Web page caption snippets
____________

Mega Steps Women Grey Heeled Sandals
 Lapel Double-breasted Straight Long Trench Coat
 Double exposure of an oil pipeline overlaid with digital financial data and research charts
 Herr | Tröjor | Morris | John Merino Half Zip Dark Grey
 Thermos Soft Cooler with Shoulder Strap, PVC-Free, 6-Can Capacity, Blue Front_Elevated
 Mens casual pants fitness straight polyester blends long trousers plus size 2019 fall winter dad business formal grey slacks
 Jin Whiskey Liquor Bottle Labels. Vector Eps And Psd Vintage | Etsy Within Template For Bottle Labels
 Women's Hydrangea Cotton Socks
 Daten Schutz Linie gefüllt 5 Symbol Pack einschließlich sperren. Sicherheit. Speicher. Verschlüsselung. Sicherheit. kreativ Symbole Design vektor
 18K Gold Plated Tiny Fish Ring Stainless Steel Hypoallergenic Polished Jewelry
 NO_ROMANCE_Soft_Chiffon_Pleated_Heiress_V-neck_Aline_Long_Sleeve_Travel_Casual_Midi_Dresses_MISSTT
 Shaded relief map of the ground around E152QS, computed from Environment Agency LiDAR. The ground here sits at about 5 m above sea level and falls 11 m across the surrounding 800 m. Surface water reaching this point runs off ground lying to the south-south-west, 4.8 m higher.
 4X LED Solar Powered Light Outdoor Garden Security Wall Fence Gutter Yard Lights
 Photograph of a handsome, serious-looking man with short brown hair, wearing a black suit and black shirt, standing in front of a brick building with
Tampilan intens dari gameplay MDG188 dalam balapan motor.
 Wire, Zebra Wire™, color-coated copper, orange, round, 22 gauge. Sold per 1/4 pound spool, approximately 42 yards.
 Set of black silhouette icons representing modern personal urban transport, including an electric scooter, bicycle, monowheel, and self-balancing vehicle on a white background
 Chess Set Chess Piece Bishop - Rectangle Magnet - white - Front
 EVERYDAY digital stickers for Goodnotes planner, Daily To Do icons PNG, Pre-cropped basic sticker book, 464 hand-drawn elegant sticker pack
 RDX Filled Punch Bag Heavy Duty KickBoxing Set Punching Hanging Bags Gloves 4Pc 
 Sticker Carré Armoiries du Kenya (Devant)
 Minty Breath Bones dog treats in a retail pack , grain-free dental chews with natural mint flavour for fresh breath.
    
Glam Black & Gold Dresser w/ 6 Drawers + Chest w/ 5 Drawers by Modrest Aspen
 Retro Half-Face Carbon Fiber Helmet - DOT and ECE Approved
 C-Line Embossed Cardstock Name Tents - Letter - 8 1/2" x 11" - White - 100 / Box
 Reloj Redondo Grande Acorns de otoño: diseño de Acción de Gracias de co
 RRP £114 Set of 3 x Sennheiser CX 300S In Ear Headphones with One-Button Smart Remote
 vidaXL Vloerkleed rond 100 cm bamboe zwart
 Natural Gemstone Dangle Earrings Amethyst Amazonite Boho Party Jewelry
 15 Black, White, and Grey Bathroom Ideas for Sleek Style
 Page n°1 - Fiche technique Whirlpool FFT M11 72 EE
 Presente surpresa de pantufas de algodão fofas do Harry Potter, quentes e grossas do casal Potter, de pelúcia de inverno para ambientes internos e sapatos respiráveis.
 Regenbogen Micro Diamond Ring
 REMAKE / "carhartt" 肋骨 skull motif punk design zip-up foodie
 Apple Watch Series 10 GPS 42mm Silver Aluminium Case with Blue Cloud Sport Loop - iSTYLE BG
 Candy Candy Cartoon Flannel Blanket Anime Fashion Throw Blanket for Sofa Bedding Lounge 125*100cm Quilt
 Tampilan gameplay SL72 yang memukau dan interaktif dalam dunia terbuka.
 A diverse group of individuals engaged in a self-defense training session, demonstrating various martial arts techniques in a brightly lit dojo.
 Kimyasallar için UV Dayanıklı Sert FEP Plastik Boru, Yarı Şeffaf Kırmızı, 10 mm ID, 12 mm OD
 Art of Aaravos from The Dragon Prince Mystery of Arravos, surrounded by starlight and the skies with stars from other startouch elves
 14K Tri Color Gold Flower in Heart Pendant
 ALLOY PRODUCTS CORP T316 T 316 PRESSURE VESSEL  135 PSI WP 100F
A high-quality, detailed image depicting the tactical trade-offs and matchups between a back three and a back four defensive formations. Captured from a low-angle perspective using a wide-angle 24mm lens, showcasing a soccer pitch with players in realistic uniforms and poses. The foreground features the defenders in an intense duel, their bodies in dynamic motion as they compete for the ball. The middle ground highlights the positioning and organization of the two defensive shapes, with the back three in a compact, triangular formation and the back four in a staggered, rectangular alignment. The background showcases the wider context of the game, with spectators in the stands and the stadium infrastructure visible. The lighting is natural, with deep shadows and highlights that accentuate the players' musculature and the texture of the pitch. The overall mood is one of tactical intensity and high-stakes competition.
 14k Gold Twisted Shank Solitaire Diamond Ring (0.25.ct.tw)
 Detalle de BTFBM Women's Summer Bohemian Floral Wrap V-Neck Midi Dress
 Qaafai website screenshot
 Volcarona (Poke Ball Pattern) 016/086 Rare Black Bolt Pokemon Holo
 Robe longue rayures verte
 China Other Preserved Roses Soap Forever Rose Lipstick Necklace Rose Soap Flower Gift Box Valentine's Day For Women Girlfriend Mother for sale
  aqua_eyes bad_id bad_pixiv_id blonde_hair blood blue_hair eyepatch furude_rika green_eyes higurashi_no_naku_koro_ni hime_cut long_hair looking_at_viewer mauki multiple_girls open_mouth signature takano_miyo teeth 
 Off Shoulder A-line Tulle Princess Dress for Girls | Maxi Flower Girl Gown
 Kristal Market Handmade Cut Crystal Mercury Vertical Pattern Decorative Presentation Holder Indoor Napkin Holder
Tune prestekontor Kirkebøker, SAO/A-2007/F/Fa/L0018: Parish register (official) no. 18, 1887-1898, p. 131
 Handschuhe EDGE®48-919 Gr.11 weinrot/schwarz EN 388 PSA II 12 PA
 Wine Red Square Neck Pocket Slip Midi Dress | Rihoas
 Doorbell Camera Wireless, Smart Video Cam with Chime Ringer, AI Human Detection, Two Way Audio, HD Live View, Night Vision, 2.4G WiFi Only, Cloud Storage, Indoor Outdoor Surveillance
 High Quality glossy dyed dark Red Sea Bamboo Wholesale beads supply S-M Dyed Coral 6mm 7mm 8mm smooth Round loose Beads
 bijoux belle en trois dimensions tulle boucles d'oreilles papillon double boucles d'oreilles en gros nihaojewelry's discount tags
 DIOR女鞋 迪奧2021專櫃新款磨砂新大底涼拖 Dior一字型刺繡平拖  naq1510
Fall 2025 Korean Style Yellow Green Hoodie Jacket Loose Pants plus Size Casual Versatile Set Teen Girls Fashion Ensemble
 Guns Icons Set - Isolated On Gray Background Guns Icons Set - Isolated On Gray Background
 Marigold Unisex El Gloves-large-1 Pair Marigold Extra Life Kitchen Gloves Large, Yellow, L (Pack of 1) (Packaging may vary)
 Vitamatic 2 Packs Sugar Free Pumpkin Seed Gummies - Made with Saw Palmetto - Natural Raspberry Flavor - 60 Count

____________

▶ [INSTRUCTIONS TO FOLLOW] Look above for the line with "Presente surpresa de" and the line with "Kimyasallar için UV". Write out those two lines and all the lines between them, exactly, and no others.

▶ [RESULT FOR THIS EXERCISE]
 Presente surpresa de pantufas de algodão fofas do Harry Potter, quentes e grossas do casal Potter, de pelúcia de inverno para ambientes internos e sapatos respiráveis.
 Regenbogen Micro Diamond Ring
 REMAKE / "carhartt" 肋骨 skull motif punk design zip-up foodie
 Apple Watch Series 10 GPS 42mm Silver Aluminium Case with Blue Cloud Sport Loop - iSTYLE BG
 Candy Candy Cartoon Flannel Blanket Anime Fashion Throw Blanket for Sofa Bedding Lounge 125*100cm Quilt
 Tampilan gameplay SL72 yang memukau dan interaktif dalam dunia terbuka.
 A diverse group of individuals engaged in a self-defense training session, demonstrating various martial arts techniques in a brightly lit dojo.
 Kimyasallar için UV Dayanıklı Sert FEP Plastik Boru, Yarı Şeffaf Kırmızı, 10 mm ID, 12 mm OD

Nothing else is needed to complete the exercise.